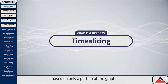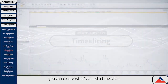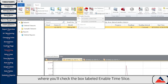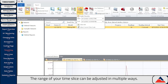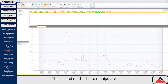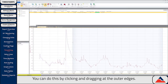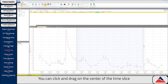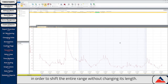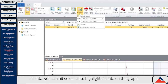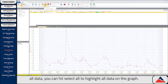If you'd like to highlight data based on only a portion of the graph, you can create what's called a Time Slice. Begin by selecting Time Slice in the Reports menu bar. This will bring a drop-down menu where you'll check the box labeled Enable Time Slice. The range of your time slice can be adjusted in multiple ways. The first method is to enter the start and stop times of the Time Slice in these boxes. The second method is to manipulate the Time Slice directly on the graph by clicking and dragging at the outer edges to narrow and widen its range. You can click and drag on the center to shift the entire range, and if you'd like to reset it, you can hit Select All to highlight all data on the graph.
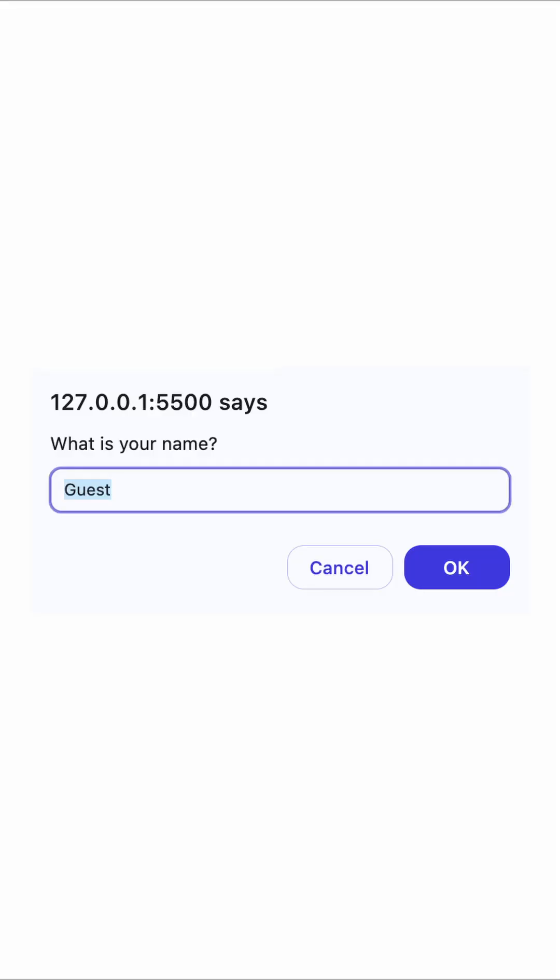Here is what the dialog will look like when the page first loads. Keep in mind that the prompt method will halt the execution of the script until the user interacts with the dialog box.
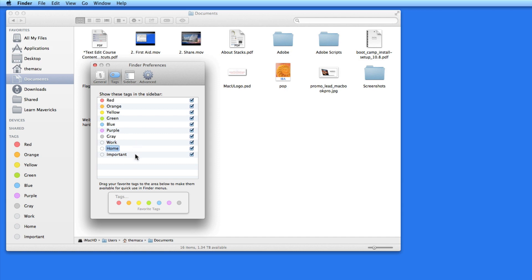Tags don't have to have a color assigned to them. You can see the three named tags — Work, Home, and Important — don't have a color associated with them.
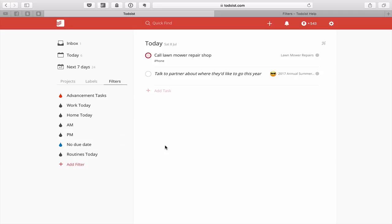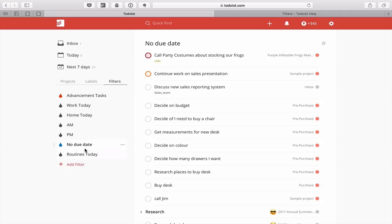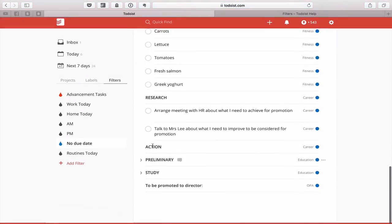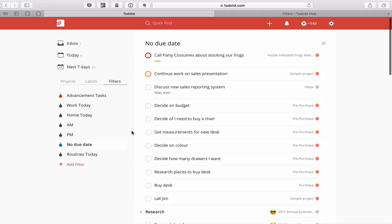One more before I move into more specialized ones: the No Due Date filter. This is a really useful filter, particularly for your weekly review, because if you haven't put a due date on a task it can very easily get lost among hundreds of other tasks. When you do your weekly review, click on this filter to see tasks without a due date and check for any red flags you need to be aware of.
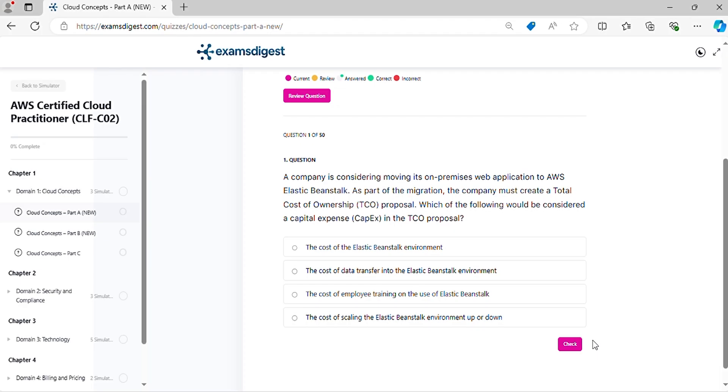Question 1. A company is considering moving its on-premises web application to AWS Elastic Beanstalk. As part of the migration, the company must create a total cost-of-ownership proposal. Which of the following would be considered a capital expense in the TCO proposal?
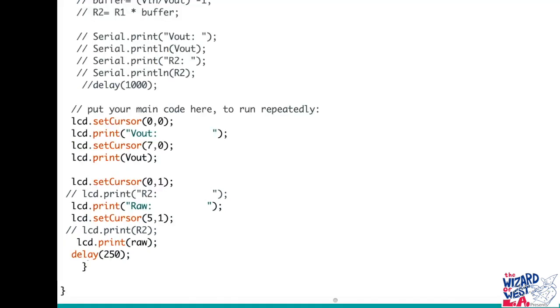You will see the line where it says r2. I changed that to a comment and copied it and changed that to raw, and the other display for r2 has been changed to raw, and I changed a delay to 250.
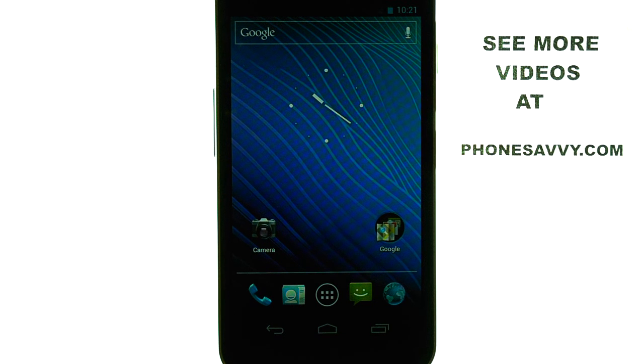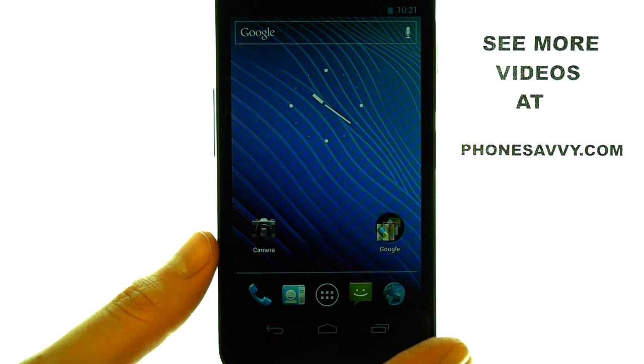Welcome to PhoneSavvy.com smartphone training videos. To change the ringtone for incoming phone calls on the Samsung Nexus,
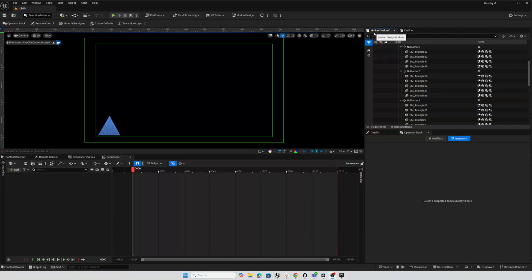Hey everybody, let's take a quick look at how we can use the Motion Design Outliner to rename lots of actors all at once according to a predefined pattern.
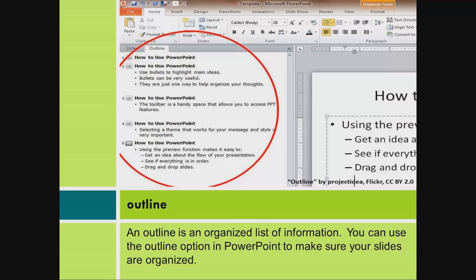Outline. An outline is an organized list of information. You can use the outline option in PowerPoint to make sure your slides are organized.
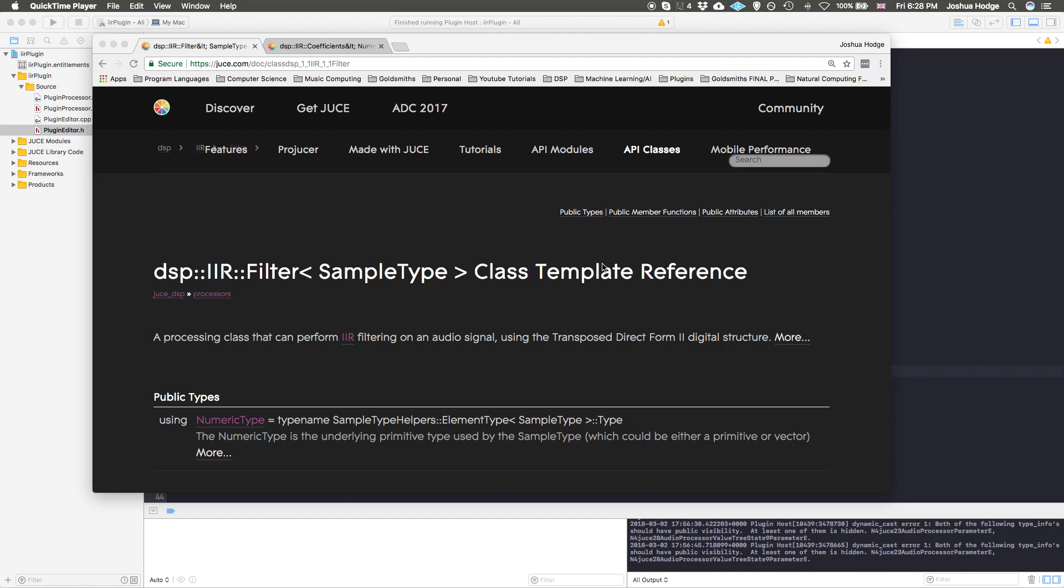Hey, what's up everybody? I'd like to welcome you to another JUCE tutorial. And today what we're going to do is go further into the JUCE DSP module. Today we're going to do an implementation of the infinite impulse response filter.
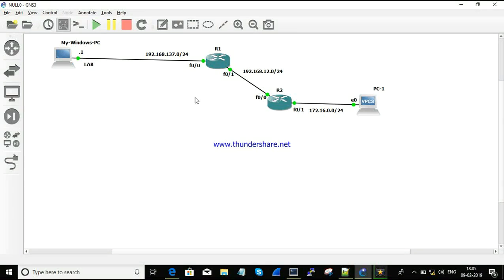In this session we are going to see how to connect GNS3 routers — or rather, how to telnet GNS3 routers by using a physical device, using our physical laptop or a physical computer.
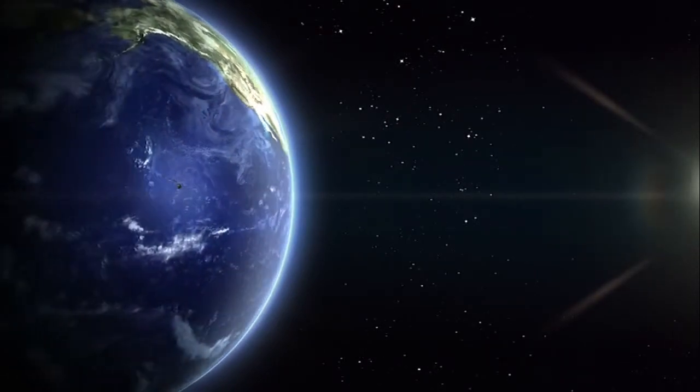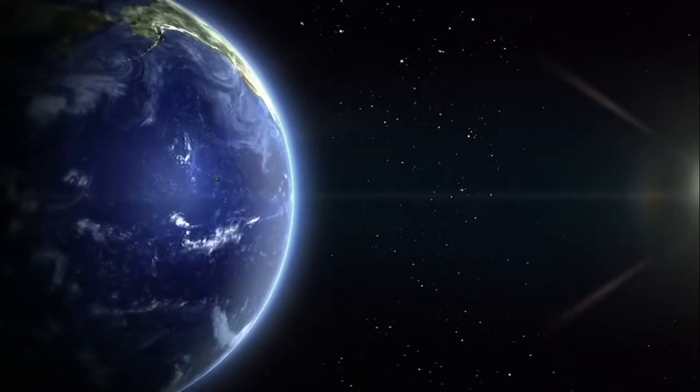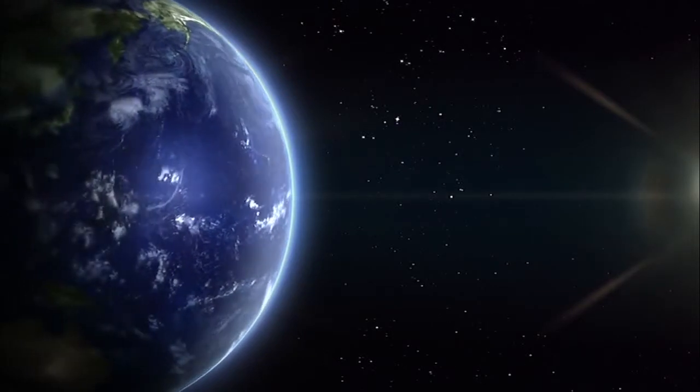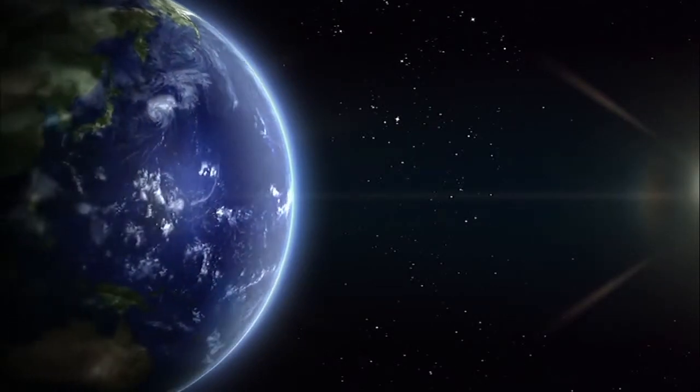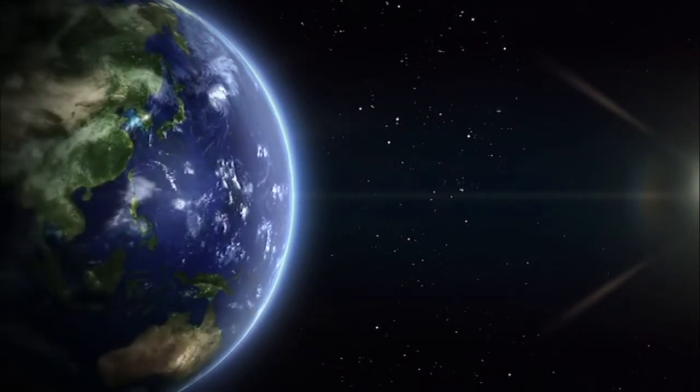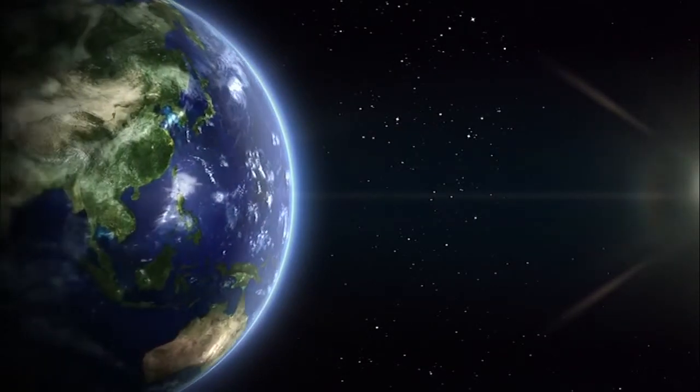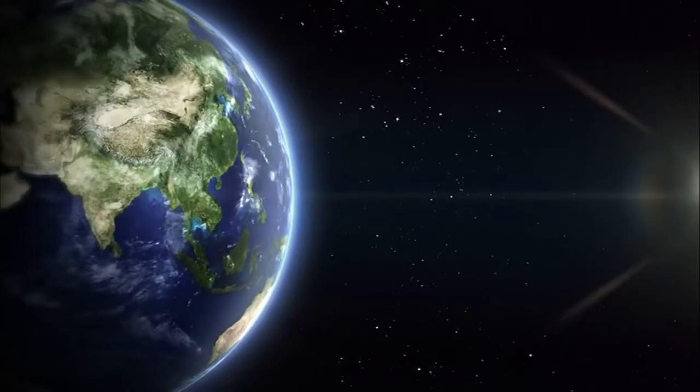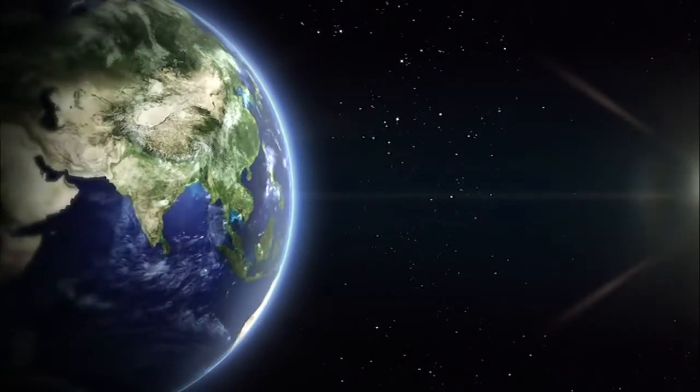As you begin this visualization exercise, sit in your most comfortable spot in your room. Do away with any distractions.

**EXERCISE DETAILS:**
Starting with the line that contains "Outline. An outline", reproduce every line down to the end of the listing above, both endpoints included. Pictures stay out.

**WRITTEN ANSWER:**
Outline. An outline is an organized list of information. You can use the outline option in PowerPoint to make sure your slides are organized.
Hey, what's up everybody? I'd like to welcome you to another JUCE tutorial. And today what we're going to do is go further into the JUCE DSP module. Today we're going to do an implementation of the infinite impulse response filter.
In this session we are going to see how to connect GNS3 routers — or rather, how to telnet GNS3 routers by using a physical device, using our physical laptop or a physical computer.
As you begin this visualization exercise, sit in your most comfortable spot in your room. Do away with any distractions.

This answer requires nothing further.